I know the U.K. and Canada, and most other countries, actualy, codeine is OTC.


later
Peace out
take care

Oxy

Believe it or not it's actually up to the state (like how medical marijuana is legal in some states but the dea can always step in.)

Washington state is one of the few that actually allows OTC codeine but no one carries it, I've heard that if you poke around enough mom and pop shops in little towns, especially up near the border, that you can find it. I think it's usually in cough syrup form.

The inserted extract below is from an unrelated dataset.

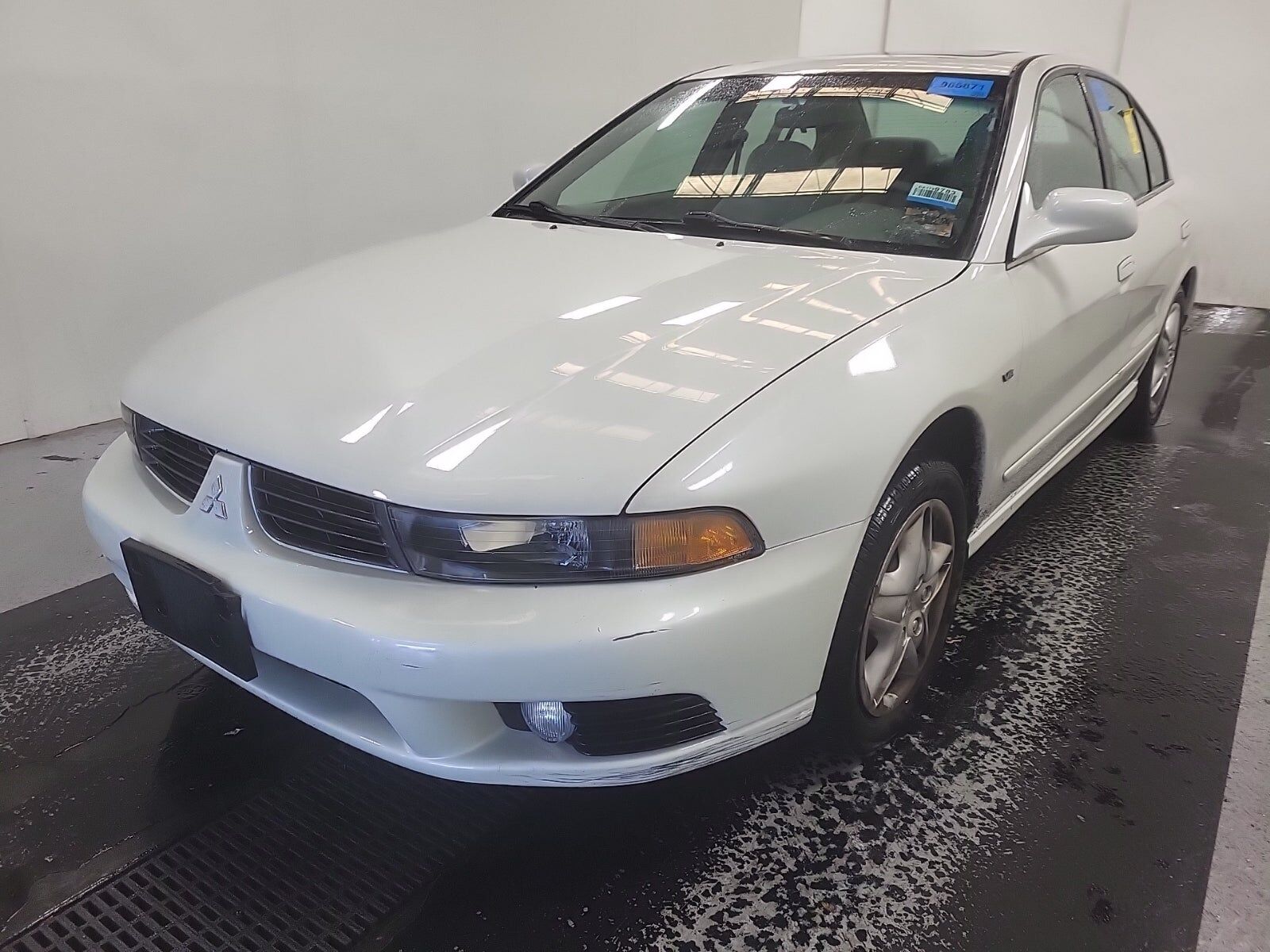 Mitsubishi Galant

I think Texas is another state that allows it and they have some cough syrup prep thats known for abuse.

I've thought about combing the little stores outside of Everett and around the reservations in WA but always figured it would just be quicker to drive to BC and buy the shit.

And those little 8mg tabs are fine for a CWE, if ya can handle half a gram of caffeine to go with your codeine :) I did that everyday for about three weeks, longest I've been without coffee since I was a kid..

Thanks for all the corrections guys. I probably stepped out of my league the second I started using words like "agonist". Sorry if I spread stupidity.

I am reading more on the Blue Lotus and found a site saying that it does contain aporphine but not apomorphine. Is this were all the confusion came from? Either way I have definately enjoyed experimenting with it.

No worries, I've enjoyed experimenting with it too :). It's one of the herbs used in a legal cannabis substitute called 'Spice' here in the UK. I don't know anything about the pharmacology of it though, I'll have a look.